Your employer has not claimed the monthly input tax credit.
The car is for your use only and can be used for private purposes.
Relevant legislative provisions
Income Tax Assessment Act 1997 Section 28-12.
Income Tax Assessment Act 1936 Section 51AF.
Reasons for decision
A novation is an arrangement whereby all or some of the rights or obligations of an employee (lessee) in relation to a leased property are transferred to the employer. Motor vehicle leases are the most common subjects of a novation arrangement.
The arrangement is achieved by way of a deed of novation between the finance company (lessor), the employee and the employer that will revoke the original lease between the finance company and the employee.
Where the employee's use of the vehicle includes private as well as work-related travel a fringe benefit is provided to the employee and this will generally incur a fringe benefits tax for the employer.
In instances where a motor vehicle is provided by an employer to an employee for their exclusive use with some portion of private use, section 51AF of the Income Tax Assessment Act 1936 (ITAA 1936) prohibits employees from claiming deductions in respect of a car expense. The section prevents double dipping so that an employee cannot claim expenses already factored into the formulas used to calculate the fringe benefits tax assessed to the employer. Section 51AF of the ITAA 1936 was intended to ensure that any contribution by the recipient (of the car benefit) was used solely to reduce the employers fringe benefit tax liability.
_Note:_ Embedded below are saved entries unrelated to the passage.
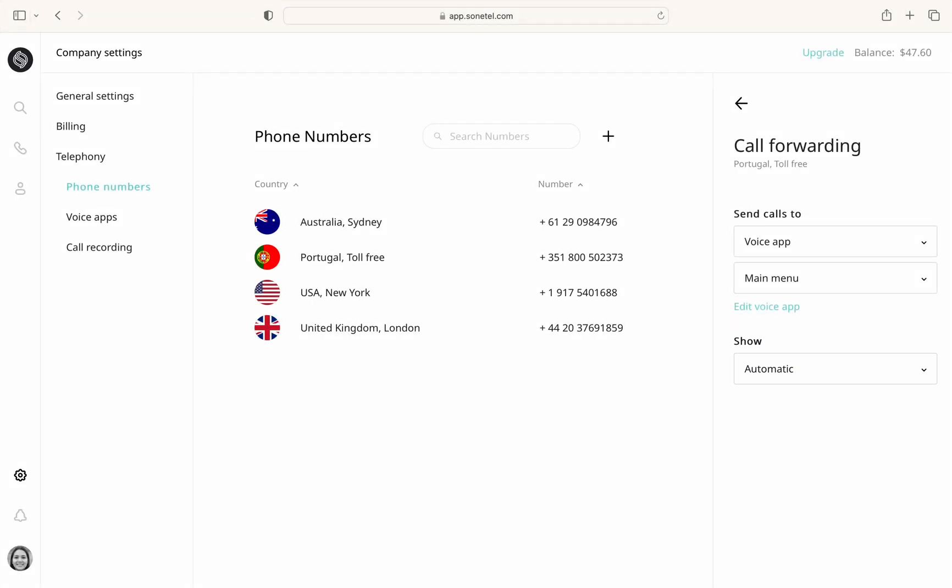The default automatic mode, which is set for all new customers, will show the caller's number unless forwarding can be done at a significantly lower cost by displaying either the called number or a local number provided by Sonatel. You can adjust this setting here to suit your preferences.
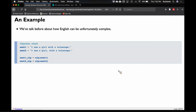English can be complex — consider punctuation. The sentence 'I saw a girl with a telescope' is ambiguous. We talked about this — the pajamas thing. I could be seeing her through my telescope, or I could say I saw her and she had a telescope. However, with a comma — 'I saw a girl, with a telescope' — it makes it pretty clear that I have the telescope and saw the girl with it.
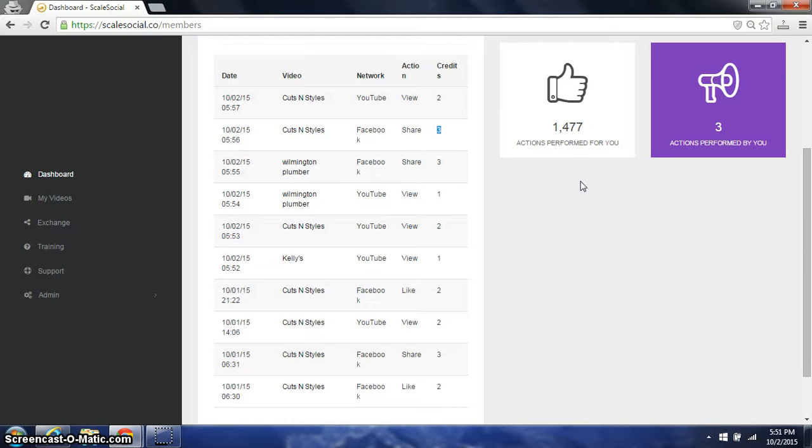We have users in here that earn credits and we have users in here with this launch that are going to be able to buy credits.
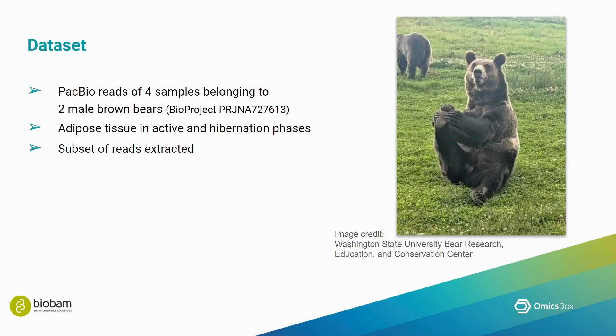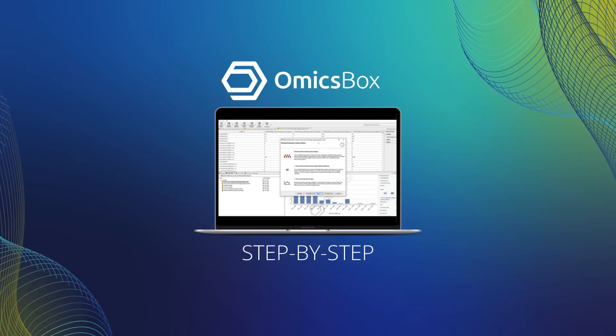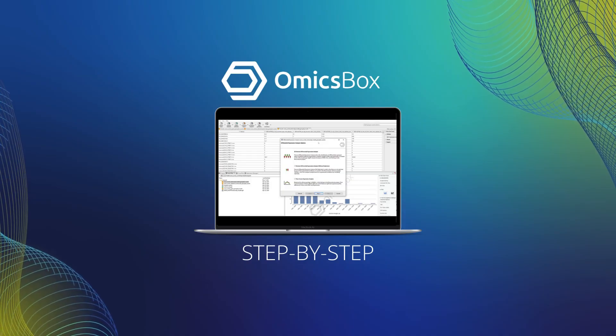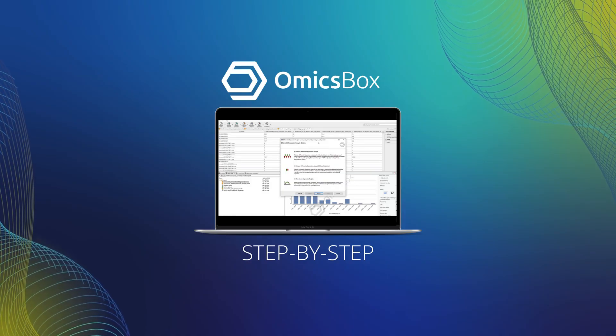In our demonstration today, we will be using PacBio long reads of four samples belonging to two male brown bears from the Washington State University Bear Research Education and Conservation Center. These samples represent adipose tissue in active and hibernation phases. For demonstration purposes, I have extracted a subset of the reads. So now, we can finally move on to OmicsBox.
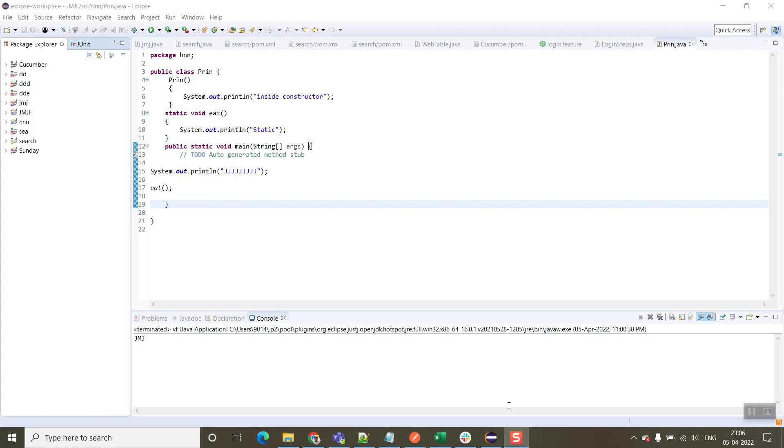Now we are going to see how to resolve class name error and main method string argument error. We'll also cover how to resolve class not found error.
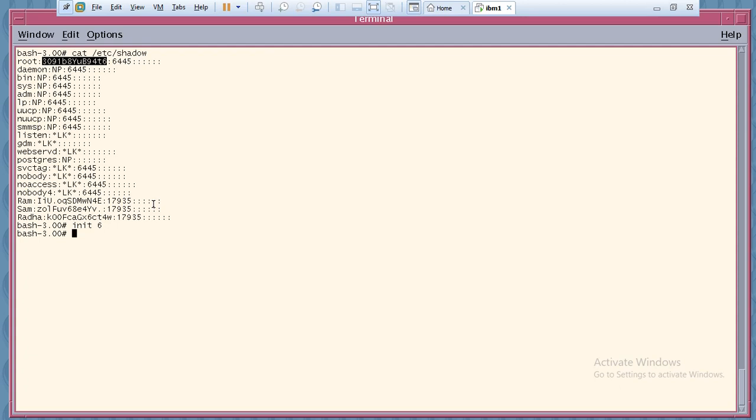Before you execute init 6 to reboot, make sure you take proper approval. Follow the ideal process — mention all the reasons why you need to reboot. You need to go through change management, get approval, do all the required documentation. Whatever downtime the server needs, plan accordingly and get approval. Never reboot any server without going through the proper process, or it will impact your performance.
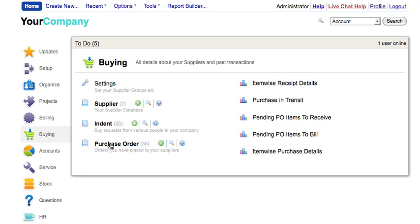Against indents, you can raise purchase orders to your suppliers. How to create an indent? Let's begin by creating an indent or purchase requisition.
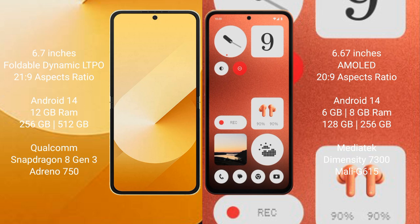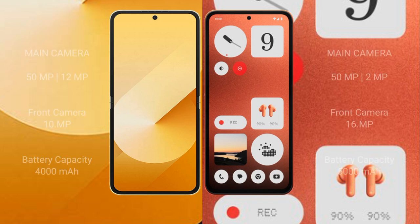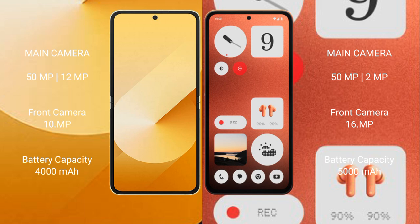Samsung Galaxy Z Flip 6 has dual camera setup: 50 megapixel plus 12 megapixel, front camera 10 megapixel. Nothing CMF Phone 1 has dual camera setup: 50 megapixel plus 2 megapixel, front camera 16 megapixel.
It was not intended that the same expenditure could be used to gain a deduction for the employee.
Section 28-12 of the Income Tax Assessment Act 1997 (ITAA 1997) allows a deduction for car expenses if you own or lease a car.
Taxation Ruling TR 1999/15 deals with taxation consequences of certain motor vehicle lease novation arrangements. Paragraph 25 of TR 1999/15 states that in a full novation the lease payment obligations are transferred to the employer. It is explained in paragraph 27 of TR 1999/15 that the employer becomes the lessee under the novated lease.
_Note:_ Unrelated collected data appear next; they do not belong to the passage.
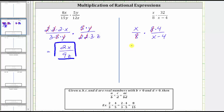So now we multiply, knowing the product will be in simplest form. In the numerator we have x times 4, which is 4x. In the denominator we just have a factor of x minus 4. This is the simplified product.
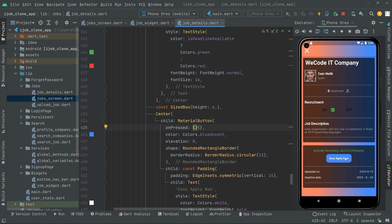Let me show you one more thing we just left. The onPress event for this material button — whenever the user clicks on the 'Easy Apply Now' material button, it will send the CV resume to the owner of the job. Right now the onPress event is totally empty because we didn't implement that method yet. From the next video we will implement that method and call upon it here, so when the user applies and clicks the button, it will work fine. We have successfully completed the UI design — see you in the next one.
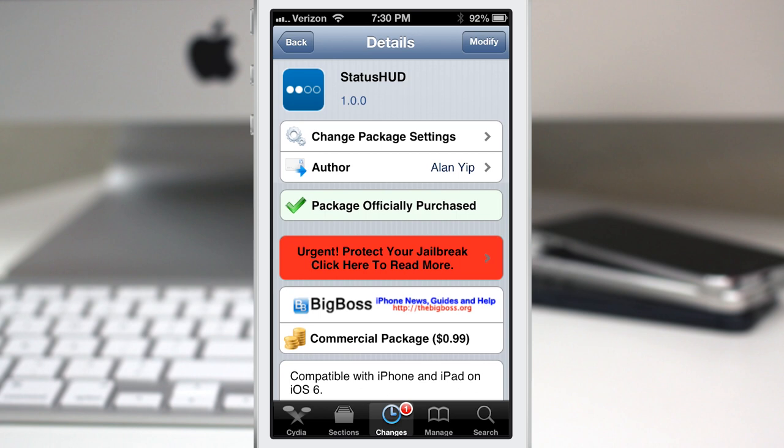Hey, what's up everybody? This is Dom and today we are checking out a Cydia tweak called Status HUD.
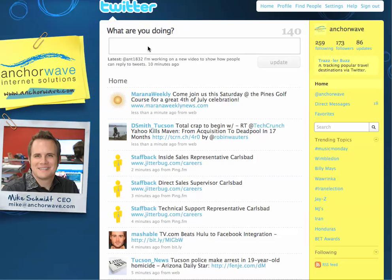If you want to send a direct message, go to the 'What are you doing?' box and type DM. You'll notice that 'What are you doing?' changed to 'Direct message.' You can now type the username of the person you want to send a direct message to.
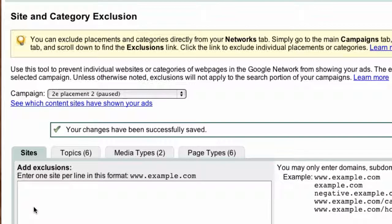That's the site and category exclusion tool. Use it to reduce your exposure to bad sites in the placement and display network, get a better ROI, and make and keep more money. Enjoy, have a great day.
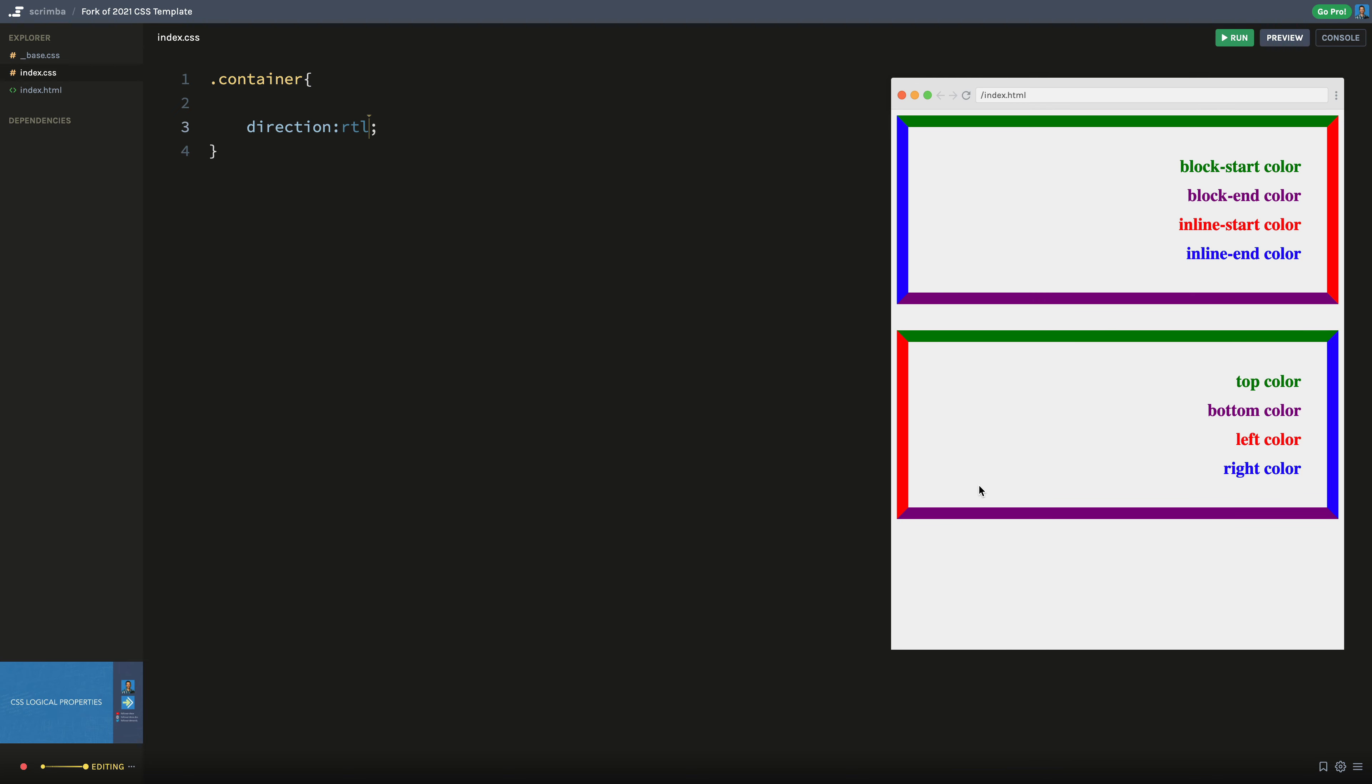So if you had shadows and things like that, if you had like a shadow down on the bottom right, well, on a right to left writing mode, that shadow should be over here on the bottom left. And that actually applies itself properly when you're using the CSS logical properties.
Irrespective of whether the lease is a fully novated or partially novated lease, you are not deemed to have incurred an expense in relation to the car. This is because under the terms of the agreement you novated to your employer all of the expenses relating to the vehicle. As such, you were provided with a car by your employer and it is your employer who was incurring the expense and fringe benefits tax liability.
Similarly, GST is also incurred by your employer. Input tax credits are only claimable by the entity that pays the GST. Such credits are only claimable if certain requirements are met. There is no provision in the GST legislation that allows you a credit or any other claim for the amount of GST paid on your novated lease.
In your case, your employer provided a car for you through a novated lease. We acknowledge that your employer did not claim the input tax credits on your novated lease, however there is no provision in the income tax legislation that allows an employee a deduction in your specific circumstances.
As you do not own or lease the car, you are not entitled to a deduction for car expenses under section 28-12 of the ITAA 1997. The fact that the payments are deducted from your salary package in relation to the car does not change the above principles. There is no provision in the ITAA 1936 or ITAA 1997 that allows a deduction, tax offset or other claim in relation to the GST paid.